The country's epic struggle to avert bankruptcy should have been settled when Athens received €110bn in aid – the biggest financial rescue programme in global history – from the EU and International Monetary Fund in May 2010. Instead, three bailouts later, it is still wrangling over the terms of the latest €86bn emergency loan package, with lenders also at loggerheads and diplomats no longer talking of a can, but rather a bomb, being kicked down the road. Default looms if a €7.4bn debt repayment – money owed mostly to the European Central Bank – is not honoured in July.
Amid the uncertainty, volatility has returned to the markets. So, too, has fear, with an estimated €2.2bn being withdrawn from banks by panic-stricken depositors since the beginning of the year. With talk of Greece's exit from the euro being heard again, farmers, trade unions and other sectors enraged by the eviscerating effects of austerity have once more come out in protest.

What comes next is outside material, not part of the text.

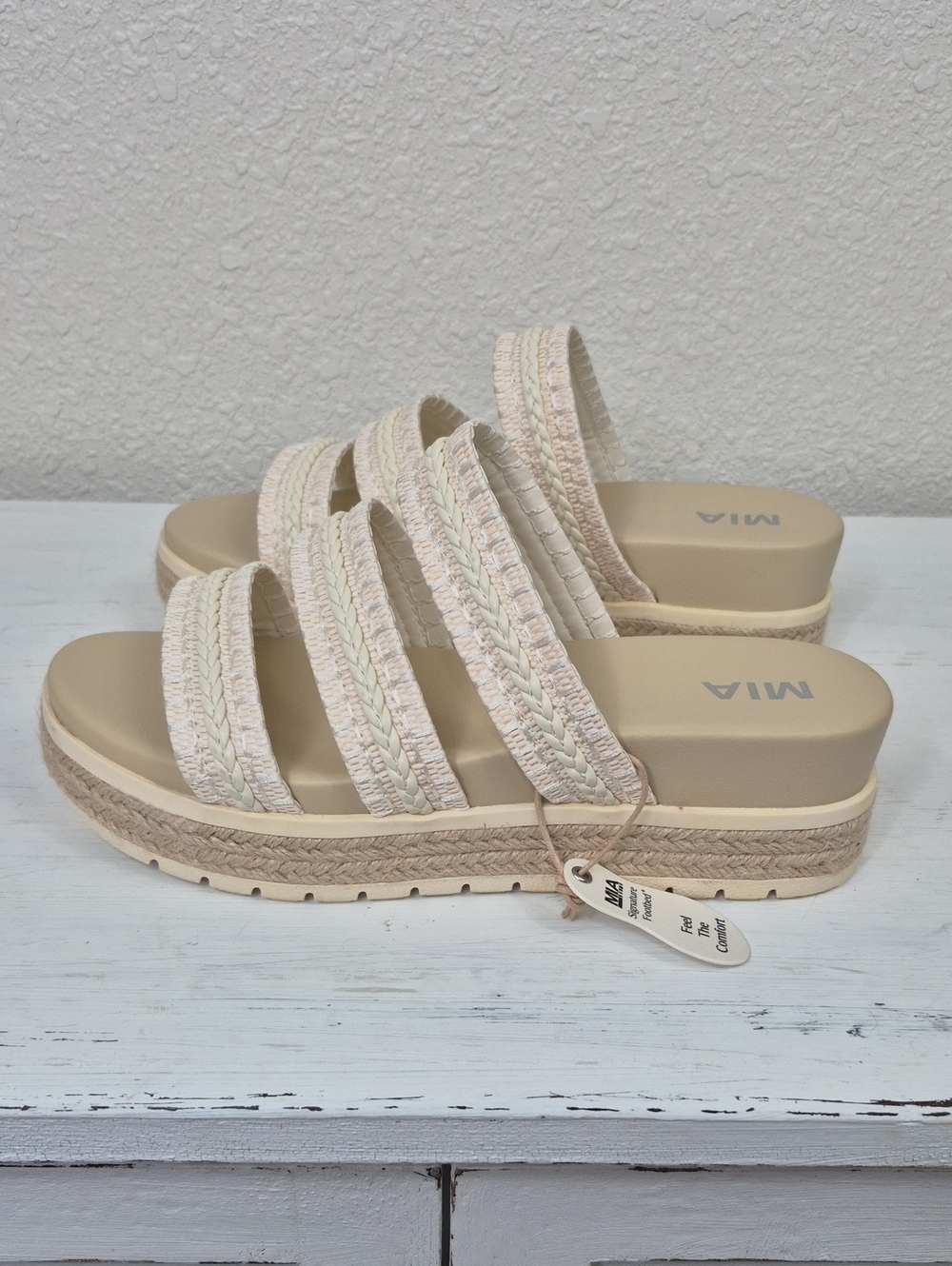 MIA Leomie Slip On Sandals Braided Platform Cream Size 10M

This is the irony of Syriza, the leftwing party catapulted to power on a ticket to "tear up" the hated bailout accords widely blamed for extraordinary levels of Greek unemployment, poverty and emigration. Two years into office it has instead overseen the most punishing austerity measures to date, slashing public-sector salaries and pensions, cutting services, agreeing to the biggest privatisation programme in European history and raising taxes on everything from cars to beer – all of which has been the price of the loans that have kept default at bay and Greece in the euro.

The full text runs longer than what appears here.